African Americans were drawn to SWOC's promises of racial equality in wages, union protection, and opportunities for advancement. Yet not all were converted. Some remained skeptical of SWOC's purported non-discriminatory politics, while others feared for their jobs - and with good reason. Although steel companies promised to fire anyone who joined SWOC, they reserved their most serious threats for their Black workers. Steel agents accosted Black workers' wives in some Pittsburgh mill towns, warning them "to keep their husbands out of the union if they wanted them to remain employed (Dickerson, 143).
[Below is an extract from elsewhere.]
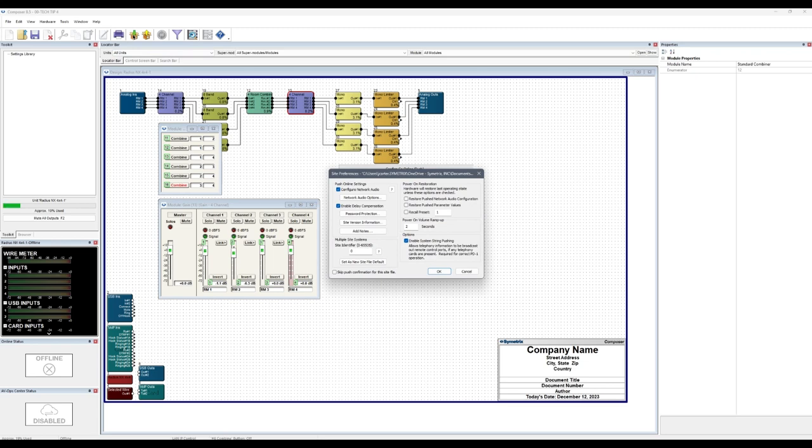When no rooms are combined, all Arc remotes should only show their respective room's gain control. When any combination of rooms are combined, they should all show those controls from rooms they are combined with.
Realizing the potential power of an integrated union, steel companies determined to make this impossible.
 
SWOC enjoyed limited success; it convinced several major steel companies to increase wages and vacation time, establish committees to hear workers' grievances, and install a "non-racist" system of seniority. Yet these dictums on paper translated into few gains for Black workers in practice. Segregation persisted, confining African Americans to the hazardous and low-paying "Negro jobs." Seniority rules, in relying on the steel company's assessment of the worker's "ability, skill, and efficiency," allowed room for discrimination. And despite SWOC's pledge to end racism among its members, African Americans were still subject to hostility from their co-workers.
 
Despite federal support for racial equality in the workplace in the late 1940s and early 1950s, Black workers saw few changes until the era of civil rights in the 1960s. Borrowing the tactics of picketing, marches, and boycotts from the movement, African Americans steelworkers protested the racism still rampant in the industry. U. S. Steel attempted to disprove the legitimacy of their grievances through a series of articles and advertisements depicting Black workers in high power, high paying positions. Yet these stories failed to depict the reality of the majority of Black workers - one of low pay, the heaviest labor, and no chance for real improvement.
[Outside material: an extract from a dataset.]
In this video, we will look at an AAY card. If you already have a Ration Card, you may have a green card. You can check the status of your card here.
Federal action for civil rights translated into some gains for African American workers. Title VII of the 1964 Civil Rights Act established the Equal Employment Opportunity Commission (EEOC), an agency designed to pursue legal action against racism by both companies and unions. Despite the formation of the EEOC and the insertion of a non-discrimination clause into union legislation in 1962, the industry's progress against racism was limited in the 1960's. Although they comprised 7% of the industry, by the end of the decade Black workers held only .6% of white-collar jobs and 3.1% of skilled jobs.
 
The federal government took steps to remedy the dreadful inequality in steel industry in the 1970s. The Departments of Labor and Justice, in conjunction with the EEOC, filed suit against nine steel companies and U. S. Steelworkers of America, the national union. This suit resulted in the 1974 Consent Decree, a series of agreements designed to end racial discrimination in the hiring and promotion of workers. Black steelworkers finally gained some kind of equality of opportunity in 1974, but their victory was short-lived. The U. S. steel industry fell into severe decline in the 1980s, plunging workers of all skin colors into unemployment.